Plasma wire arc additive manufacturing and its influence on high-carbon steel substrate properties

Steels with a high carbon content are considered to be difficult to weld. High carbon equivalent indicates not only problems when joining such steels but also when using them as substrate in additive manufacturing (AM). In this study, the possibility of manufacturing a high-strength steel structure on a high-carbon steel substrate using plasma wire arc additive manufacturing (PWAAM) is demonstrated. This study deals with the thermal history and its effects on the substrate resulting from a multilayer build-up. In-substrate temperature measurements as well as metallographic and hardness measurement will provide an understanding of the influence of the process on the substrate. Additionally, a local pre-heating concept using penetration depth induction (PDI) is considered.
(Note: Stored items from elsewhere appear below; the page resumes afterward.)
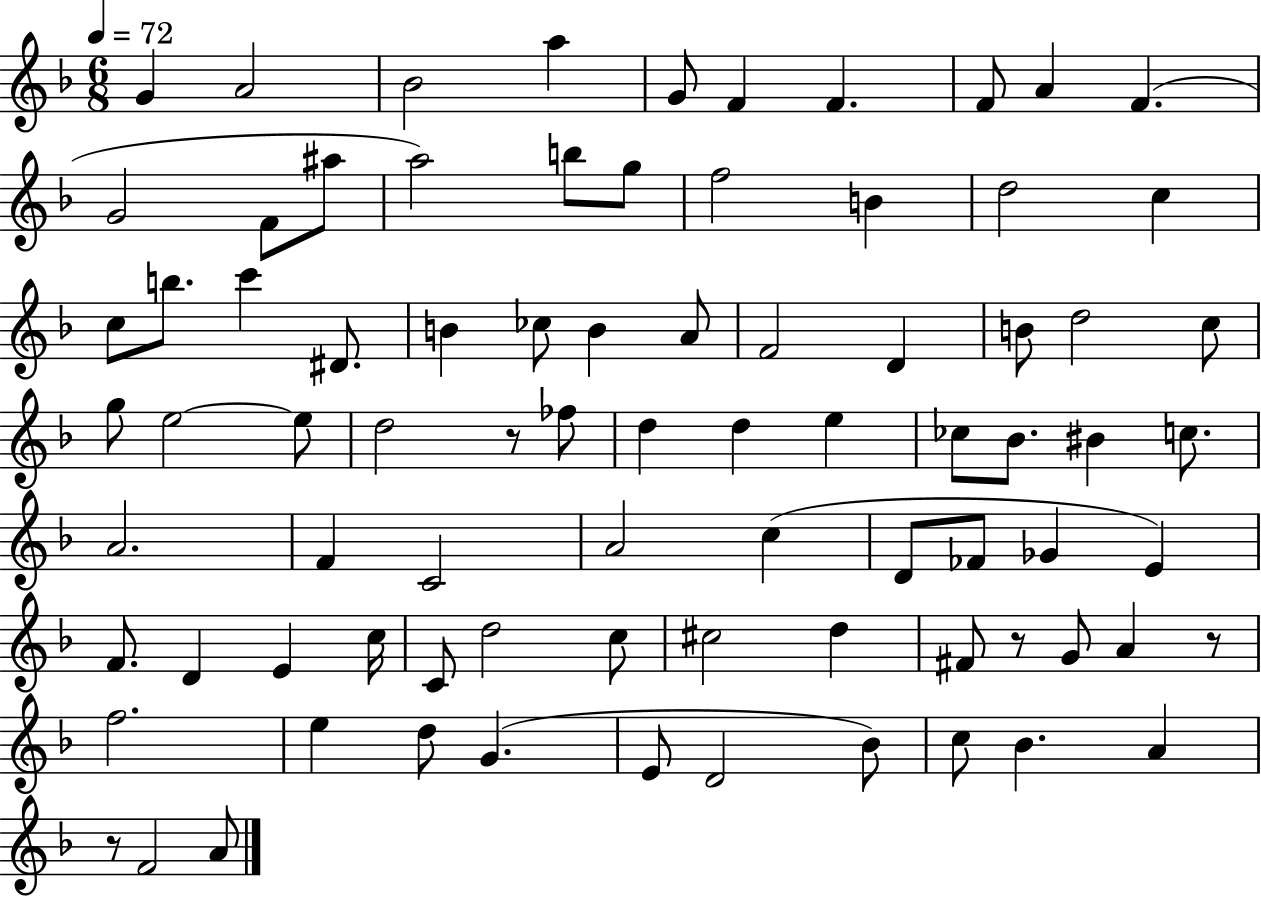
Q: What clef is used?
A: treble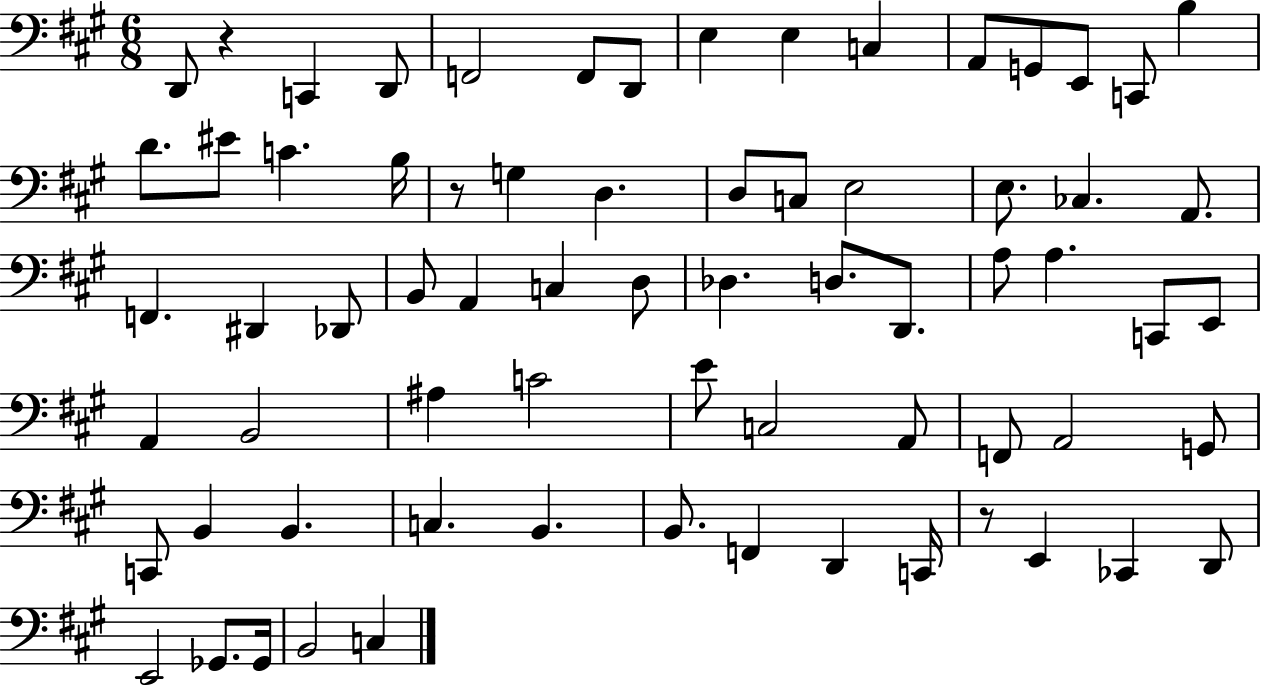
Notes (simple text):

D2/e R/q C2/q D2/e F2/h F2/e D2/e E3/q E3/q C3/q A2/e G2/e E2/e C2/e B3/q D4/e. EIS4/e C4/q. B3/s R/e G3/q D3/q. D3/e C3/e E3/h E3/e. CES3/q. A2/e. F2/q. D#2/q Db2/e B2/e A2/q C3/q D3/e Db3/q. D3/e. D2/e. A3/e A3/q. C2/e E2/e A2/q B2/h A#3/q C4/h E4/e C3/h A2/e F2/e A2/h G2/e C2/e B2/q B2/q. C3/q. B2/q. B2/e. F2/q D2/q C2/s R/e E2/q CES2/q D2/e E2/h Gb2/e. Gb2/s B2/h C3/q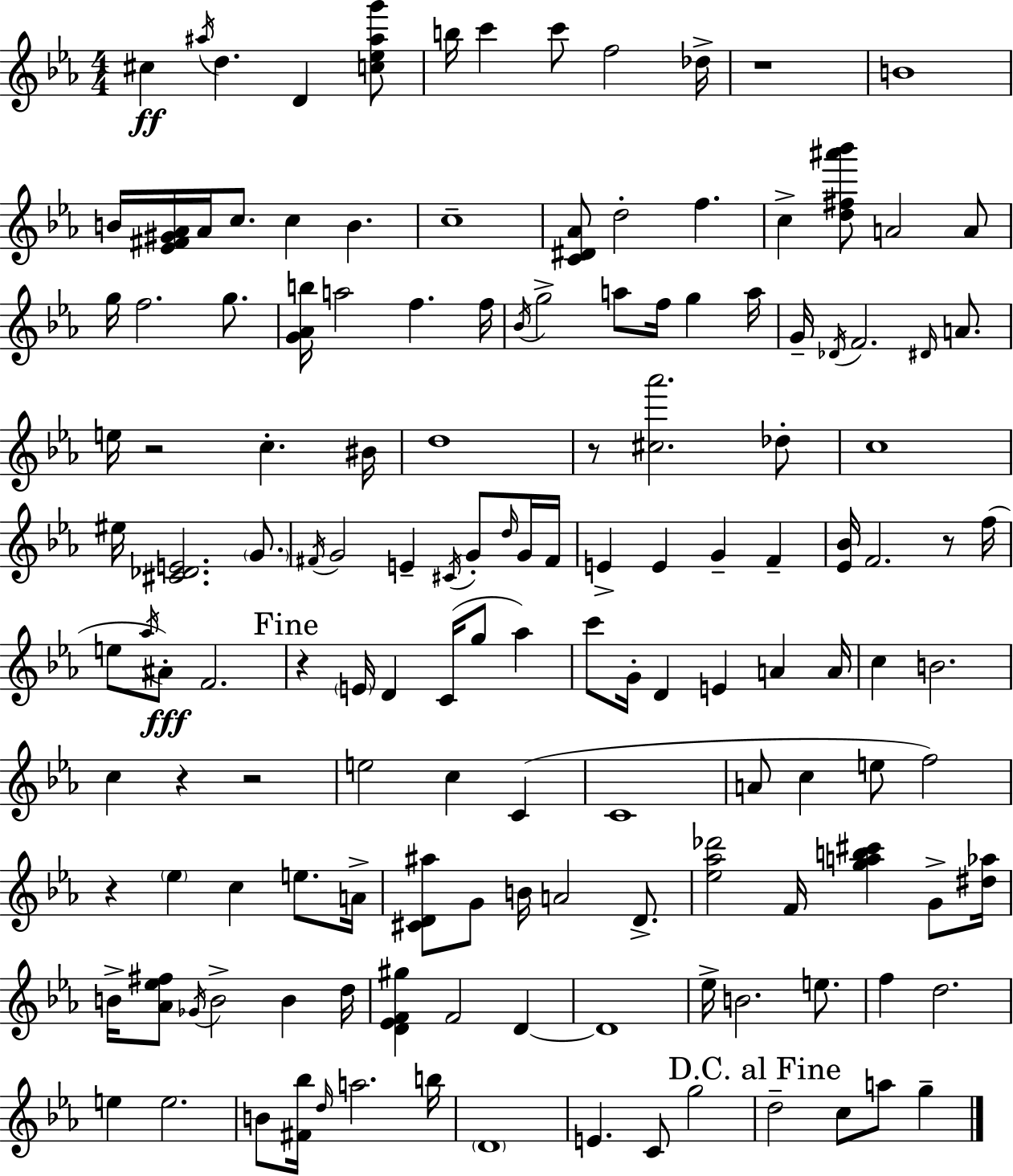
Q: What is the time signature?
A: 4/4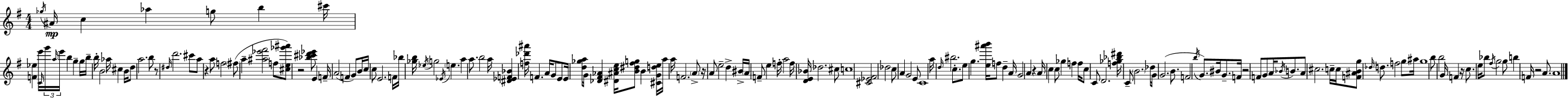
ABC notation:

X:1
T:Untitled
M:4/4
L:1/4
K:G
_g/4 ^A/4 c _a g/2 b ^c'/4 [F_e] e'/4 C/4 g'/4 a/4 e'/4 b g g/4 b/4 b/4 B2 _a/4 ^c B/4 d/2 a2 b/2 z/2 ^d/4 d'2 ^c'/2 a/2 z a/2 f2 ^f/2 a [^a_e'^f']2 f/2 [^ce_g'^a']/2 z2 [_b^c'd'_e']/2 E F/4 A2 F G/2 B/4 c/4 c/2 E2 F/4 _b/4 [_gb]/4 _e/4 g2 _E/4 e a a/2 b2 a/4 [^D_EF_B] [f_d'^a']/4 F A/4 G/2 E/2 E/4 [d_ga]/2 G/4 [_D^F_A] [^D^Ace]/4 [B^d^fg]/2 B [^CGde]/4 a/4 a/4 F2 A/2 z/4 A/2 e2 d ^B/4 A/4 F/2 e f/4 a2 f/4 [DE_B]/4 _d2 ^c/2 c4 [^C_E^F]2 _d2 c/2 A G2 E/2 C4 a/4 d/4 ^b2 c/2 e/2 g [e^a'b']/4 f/2 d A/4 G2 A z A/4 c c/2 _g f f/4 c/2 C/2 D2 [f_g_b^d']/4 C/2 B2 _d/4 G/4 G2 B/2 F2 b/4 G/2 ^B/4 G/2 F/4 z2 F/2 G/2 A/4 _B/4 B/2 A/2 ^c2 c/4 c/4 [F^ABg]/2 _d/4 d/2 f2 g/2 ^a/4 g4 b/2 b2 G/4 F z/4 c/2 e/4 _b/2 ^f/4 g2 g/2 b F/4 z2 A/2 A4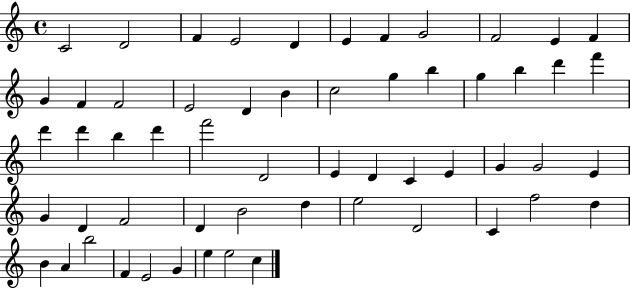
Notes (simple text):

C4/h D4/h F4/q E4/h D4/q E4/q F4/q G4/h F4/h E4/q F4/q G4/q F4/q F4/h E4/h D4/q B4/q C5/h G5/q B5/q G5/q B5/q D6/q F6/q D6/q D6/q B5/q D6/q F6/h D4/h E4/q D4/q C4/q E4/q G4/q G4/h E4/q G4/q D4/q F4/h D4/q B4/h D5/q E5/h D4/h C4/q F5/h D5/q B4/q A4/q B5/h F4/q E4/h G4/q E5/q E5/h C5/q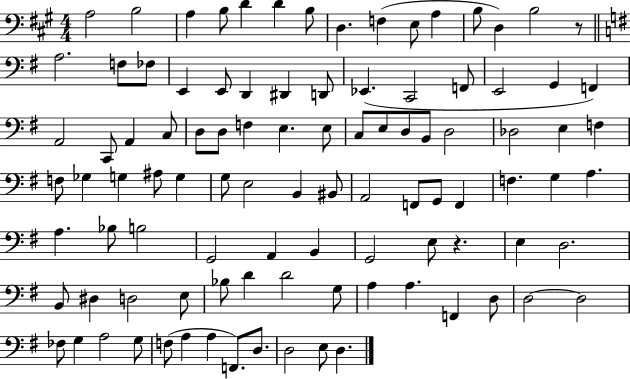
{
  \clef bass
  \numericTimeSignature
  \time 4/4
  \key a \major
  \repeat volta 2 { a2 b2 | a4 b8 d'4 d'4 b8 | d4. f4( e8 a4 | b8 d4) b2 r8 | \break \bar "||" \break \key g \major a2. f8 fes8 | e,4 e,8 d,4 dis,4 d,8 | ees,4.( c,2 f,8 | e,2 g,4 f,4) | \break a,2 c,8 a,4 c8 | d8 d8 f4 e4. e8 | c8 e8 d8 b,8 d2 | des2 e4 f4 | \break f8 ges4 g4 ais8 g4 | g8 e2 b,4 bis,8 | a,2 f,8 g,8 f,4 | f4. g4 a4. | \break a4. bes8 b2 | g,2 a,4 b,4 | g,2 e8 r4. | e4 d2. | \break b,8 dis4 d2 e8 | bes8 d'4 d'2 g8 | a4 a4. f,4 d8 | d2~~ d2 | \break fes8 g4 a2 g8 | f8( a4 a4 f,8.) d8. | d2 e8 d4. | } \bar "|."
}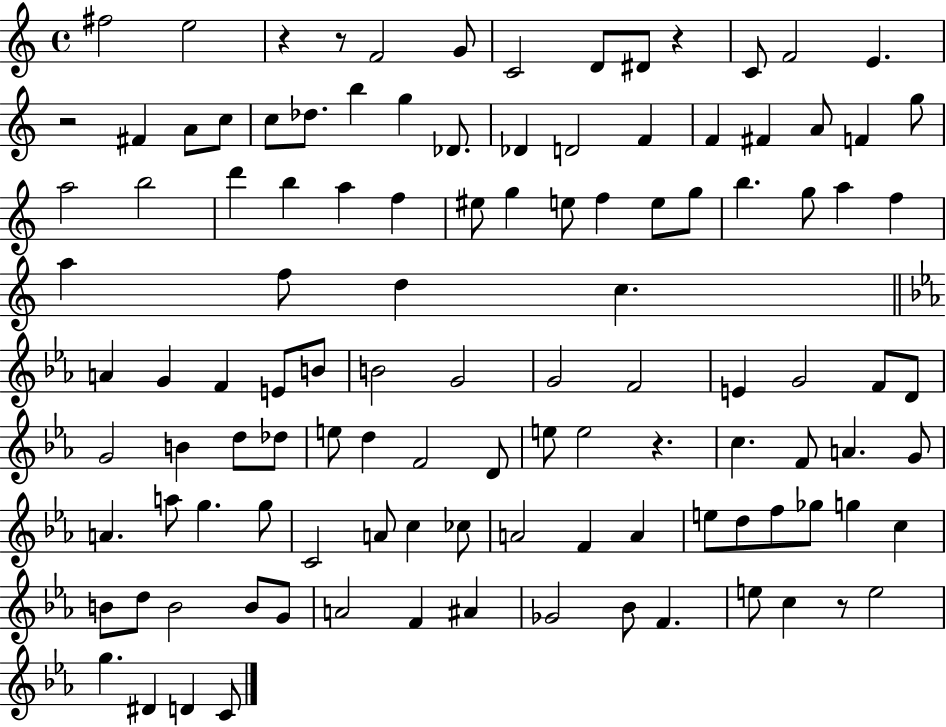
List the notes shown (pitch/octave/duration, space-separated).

F#5/h E5/h R/q R/e F4/h G4/e C4/h D4/e D#4/e R/q C4/e F4/h E4/q. R/h F#4/q A4/e C5/e C5/e Db5/e. B5/q G5/q Db4/e. Db4/q D4/h F4/q F4/q F#4/q A4/e F4/q G5/e A5/h B5/h D6/q B5/q A5/q F5/q EIS5/e G5/q E5/e F5/q E5/e G5/e B5/q. G5/e A5/q F5/q A5/q F5/e D5/q C5/q. A4/q G4/q F4/q E4/e B4/e B4/h G4/h G4/h F4/h E4/q G4/h F4/e D4/e G4/h B4/q D5/e Db5/e E5/e D5/q F4/h D4/e E5/e E5/h R/q. C5/q. F4/e A4/q. G4/e A4/q. A5/e G5/q. G5/e C4/h A4/e C5/q CES5/e A4/h F4/q A4/q E5/e D5/e F5/e Gb5/e G5/q C5/q B4/e D5/e B4/h B4/e G4/e A4/h F4/q A#4/q Gb4/h Bb4/e F4/q. E5/e C5/q R/e E5/h G5/q. D#4/q D4/q C4/e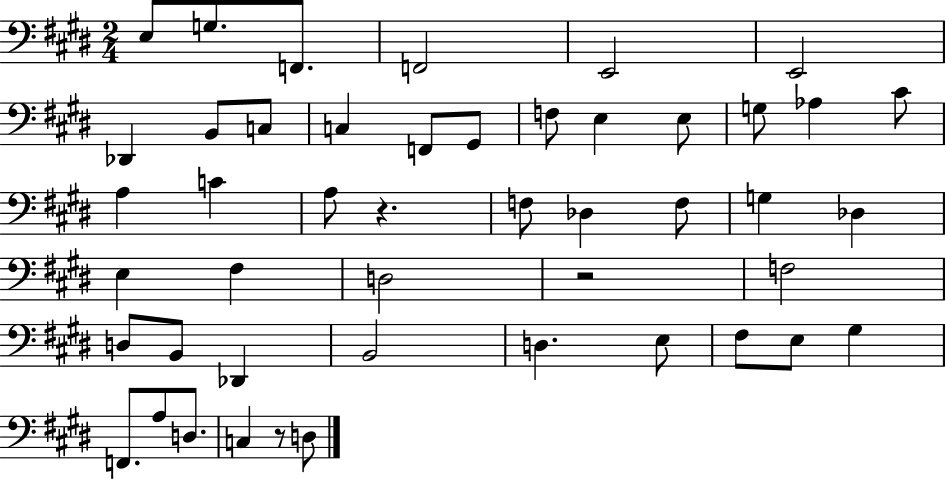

PDI also enables energy rearrangement in which energy is removed from the AM process and introduced directly into the substrate by PDI. These variants of the preheating concept are also being investigated concerning their effects on the substrate and its properties. A comparison of multilayer buildup without and with PDI is intended to show the differences but also the possibilities that can be achieved with the PDI approach. The investigations carried out are intended to create the basis for a quality AM structure on a high-carbon steel substrate as well as optimized properties of the substrate. It is also shown that the transition zone between the substrate and the AM structure is not trivial for such a material combination.